I also was able to reproduce with grpcurl, verifying that this is not a bug in grpc gateway.
grpcurl -d '{"event": "message.action=send"}' -plaintext -proto proto/cosmos/tx/v1beta1/service.proto -import-path proto -import-path third_party/proto localhost:9090 cosmos.tx.v1beta1.Service.GetTxsEvent
causes the node to panic and shut down, with the following stack trace:
panic: runtime error: invalid memory address or nil pointer dereference
[signal SIGSEGV: segmentation violation code=0x1 addr=0x18 pc=0x4ea00be]
goroutine 473 [running]:
github.com/cosmos/cosmos-sdk/x/auth/tx.txServer.GetTxsEvent(0x0, 0x0, 0x0, 0x5b57dc0, 0xc0004fb240, 0x0, 0x0, 0x5b37080, 0xc000e800c0, 0x5b42fa0, ...)
github.com/cosmos/cosmos-sdk/x/auth/tx/service.go:52 +0x3e
github.com/cosmos/cosmos-sdk/types/tx._Service_GetTxsEvent_Handler.func1(0x5b36f40, 0xc0003aaed0, 0x5657f80, 0xc000578680, 0x0, 0xc0000cf200, 0x5b36f40, 0xc0003aaed0)
github.com/cosmos/cosmos-sdk/types/tx/service.pb.go:542 +0x89
github.com/cosmos/cosmos-sdk/baseapp.(*BaseApp).RegisterGRPCServer.func1(0x5b36f40, 0xc0003aaed0, 0x5657f80, 0xc000578680, 0xc0005786a0, 0xc0005786c0, 0xc000061200, 0x0, 0x58, 0x6c7e7d0)
github.com/cosmos/cosmos-sdk/baseapp/grpcserver.go:63 +0x365
github.com/cosmos/cosmos-sdk/types/tx._Service_GetTxsEvent_Handler(0x55ef0a0, 0xc0000e78c0, 0x5b36f40, 0xc0001777a0, 0xc000e64e40, 0xc000e80270, 0x55ed4a0, 0xc0001777a0, 0x54e3c20, 0x66d35e8)
github.com/cosmos/cosmos-sdk/types/tx/service.pb.go:544 +0x150
github.com/cosmos/cosmos-sdk/baseapp.(*BaseApp).RegisterGRPCServer.func2(0x55ef0a0, 0xc0000e78c0, 0x5b36f40, 0xc0001777a0, 0xc000e64e40, 0x0, 0x5b36f40, 0xc0001777a0, 0xc000153200, 0x16)
github.com/cosmos/cosmos-sdk/baseapp/grpcserver.go:77 +0x67
google.golang.org/grpc.(*Server).processUnaryRPC(0xc000e7ac40, 0x5b48b20, 0xc000d1cf00, 0xc000c32200, 0xc00002b020, 0xc0010fa3a0, 0x0, 0x0, 0x0)
google.golang.org/[email protected]/server.go:1210 +0x522
google.golang.org/grpc.(*Server).handleStream(0xc000e7ac40, 0x5b48b20, 0xc000d1cf00, 0xc000c32200, 0x0)
google.golang.org/[email protected]/server.go:1533 +0xd05
google.golang.org/grpc.(*Server).serveStreams.func1.2(0xc000fe2220, 0xc000e7ac40, 0x5b48b20, 0xc000d1cf00, 0xc000c32200)

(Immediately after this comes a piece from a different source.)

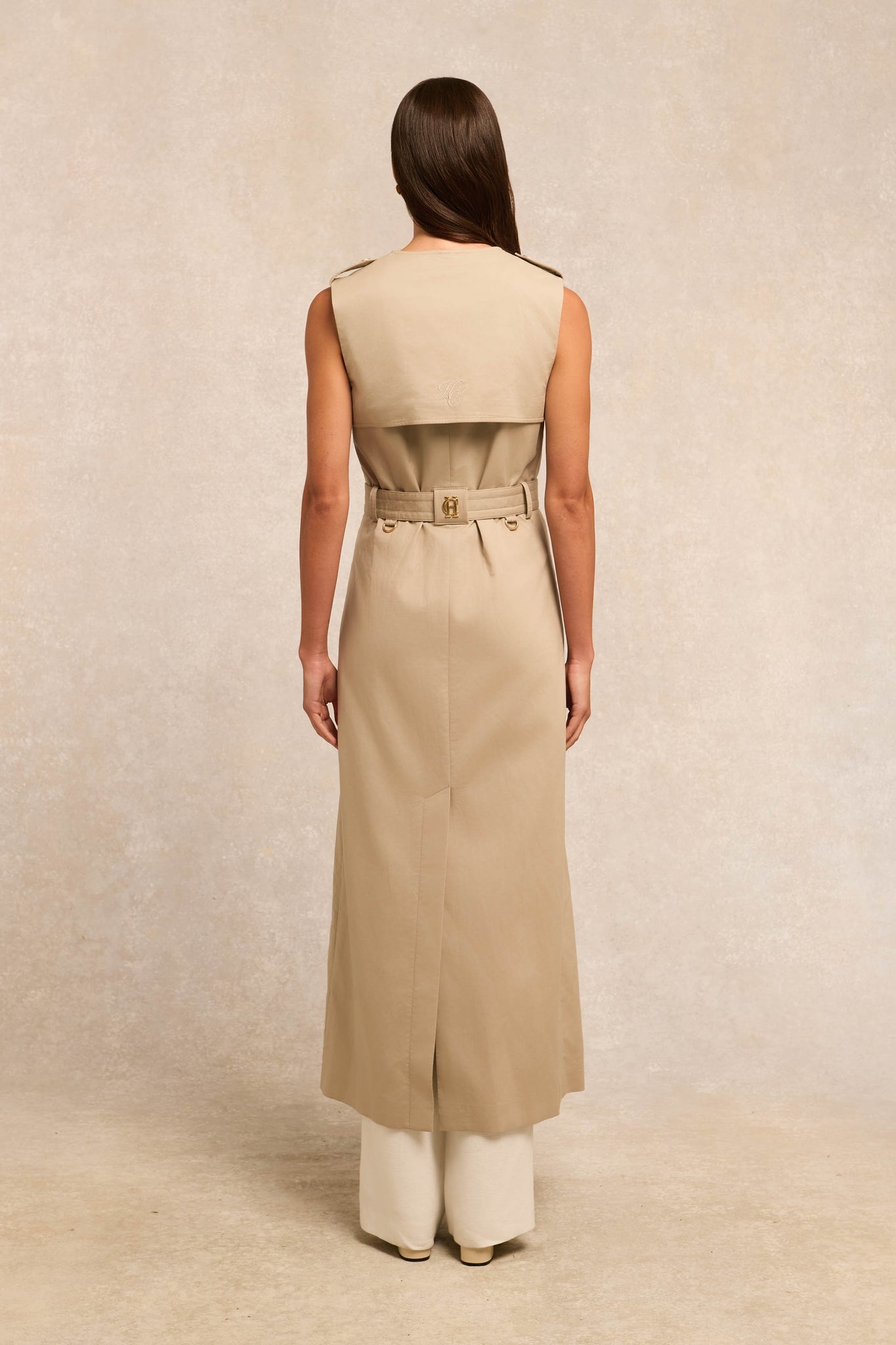 Collarless Trench Gilet (French Grey)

google.golang.org/[email protected]/server.go:871 +0xa5
created by google.golang.org/grpc.(*Server).serveStreams.func1
google.golang.org/[email protected]/server.go:869 +0x1fd
Meanwhile, the following command returns successfully:
grpcurl -d '{"pagination": {"offset": 0, "limit": 1}, "event": "message.action=send"}' -plaintext -proto proto/cosmos/tx/v1beta1/service.proto -import-path proto -import-path third_party/proto localhost:9090 cosmos.tx.v1beta1.Service.GetTxsEvent
Found while investingating this behiavor for #7281
cc @aleem1314 @anilCSE
As discussed during a Regen internal call, we thought it would be a good idea to add a panic handler on all queries: https://github.com/cosmos/cosmos-sdk/issues/8038
This is a sign that the recent (gRPC, etc...) client-facing code wasn't thoroughly tested enough when merging to master.

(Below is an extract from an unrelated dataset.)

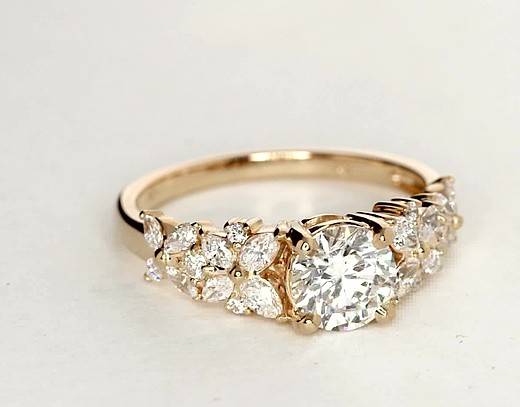 Monique Lhuillier Petal Garland Diamond Engagement Ring in 18k Rose ...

This is also a sign that panics are bad. Moreover the panic output is not user friendly and always requires to be caught in a place where we don't have much context.
Yes, but it seems @amaurymartiny is mainly concerned about non-explicit panics (e.g. improperly handled pagination). I would be very concerned if we had _explicit_ panics in client-facing code -- those errors should be bubbled upstream as much as possible.
Most helpful comment
Yes, but it seems @amaurymartiny is mainly concerned about non-explicit
panics (e.g. improperly handled pagination). I would be very concerned if we had _explicit_panics in client-facing code -- those errors should be bubbled upstream as much as possible.